WORK ITEM: Transcribe exactly the lines below that begin at the line with "백종원 콩나물국 레시피 1단계 - 냄비에 끓는 물과 씻은 콩나물 넣기" and stop after the line with "黄金色に輝く初日の出と雄大な", leaving out every picture.

RECORDS FOR PROCESSING:
▼

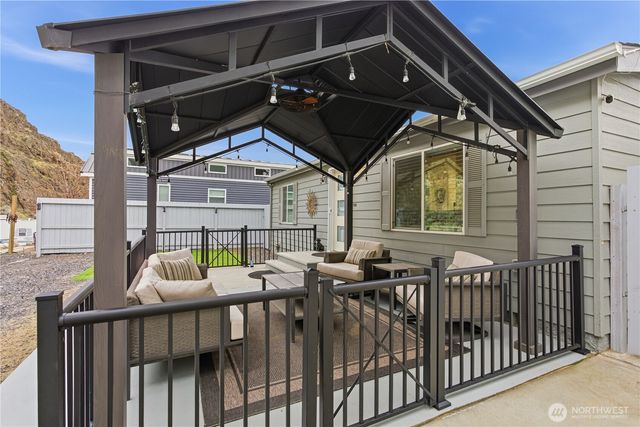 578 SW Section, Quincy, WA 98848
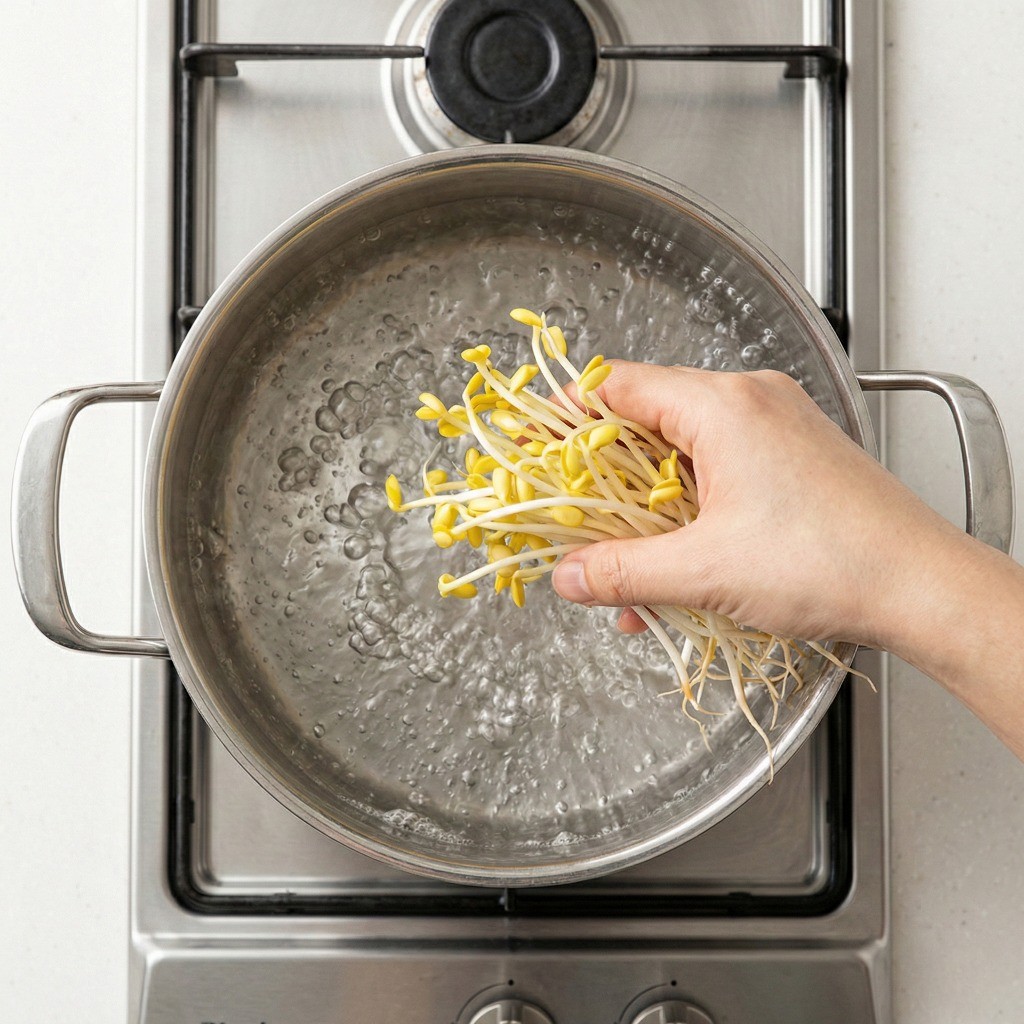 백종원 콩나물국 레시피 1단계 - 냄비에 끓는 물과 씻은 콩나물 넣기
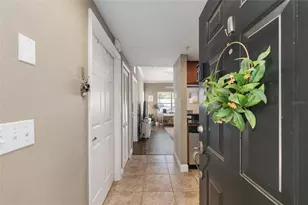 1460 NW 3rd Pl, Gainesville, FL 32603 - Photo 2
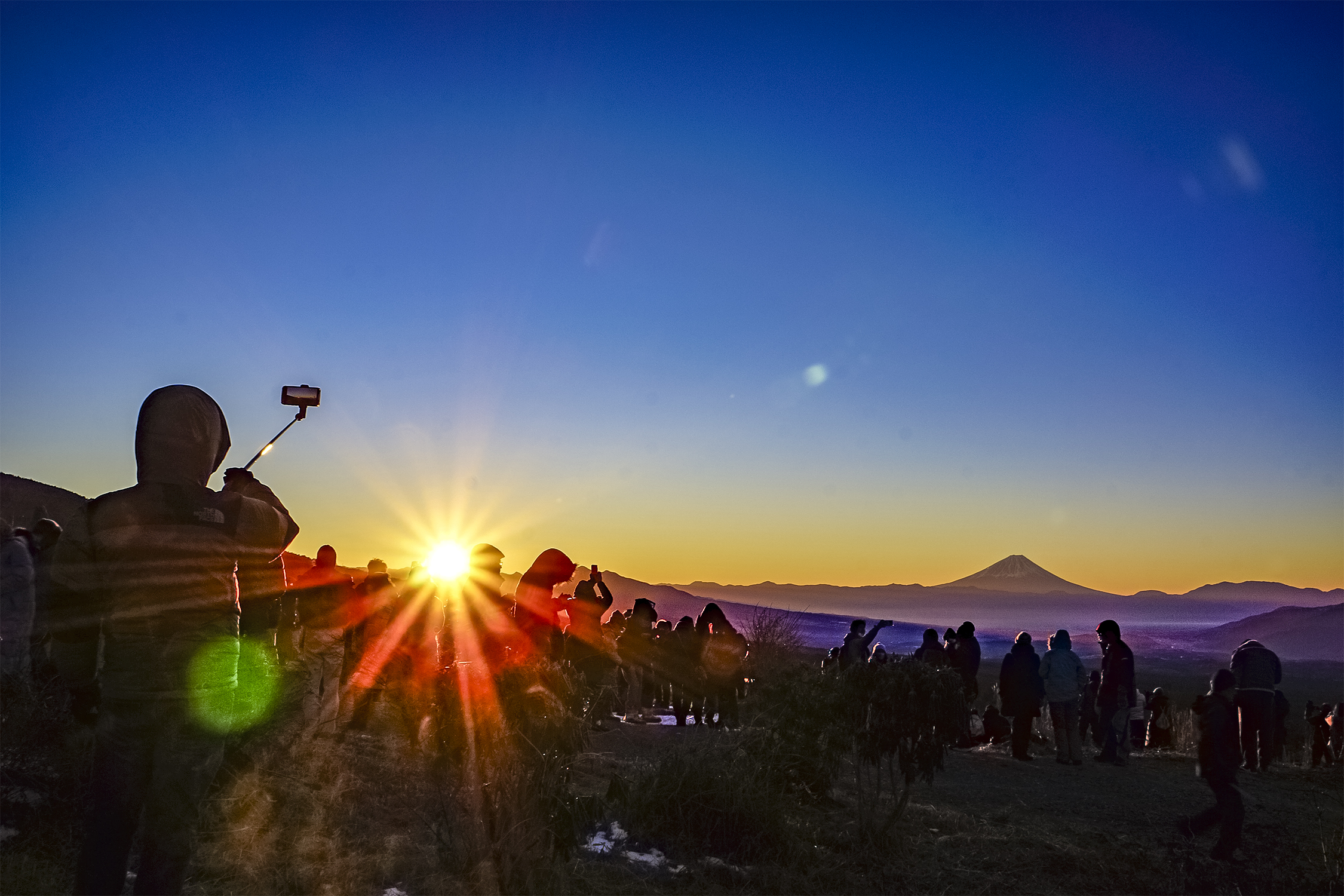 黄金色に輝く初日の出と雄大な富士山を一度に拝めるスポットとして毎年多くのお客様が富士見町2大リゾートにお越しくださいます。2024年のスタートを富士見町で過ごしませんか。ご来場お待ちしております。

▲
▼

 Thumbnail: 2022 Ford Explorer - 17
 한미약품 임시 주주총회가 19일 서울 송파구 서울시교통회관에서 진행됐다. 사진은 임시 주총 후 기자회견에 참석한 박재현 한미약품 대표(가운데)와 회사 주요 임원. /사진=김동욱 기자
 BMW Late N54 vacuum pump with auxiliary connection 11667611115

▲

ANSWER SECTION:
 백종원 콩나물국 레시피 1단계 - 냄비에 끓는 물과 씻은 콩나물 넣기
 1460 NW 3rd Pl, Gainesville, FL 32603 - Photo 2
 黄金色に輝く初日の出と雄大な富士山を一度に拝めるスポットとして毎年多くのお客様が富士見町2大リゾートにお越しくださいます。2024年のスタートを富士見町で過ごしませんか。ご来場お待ちしております。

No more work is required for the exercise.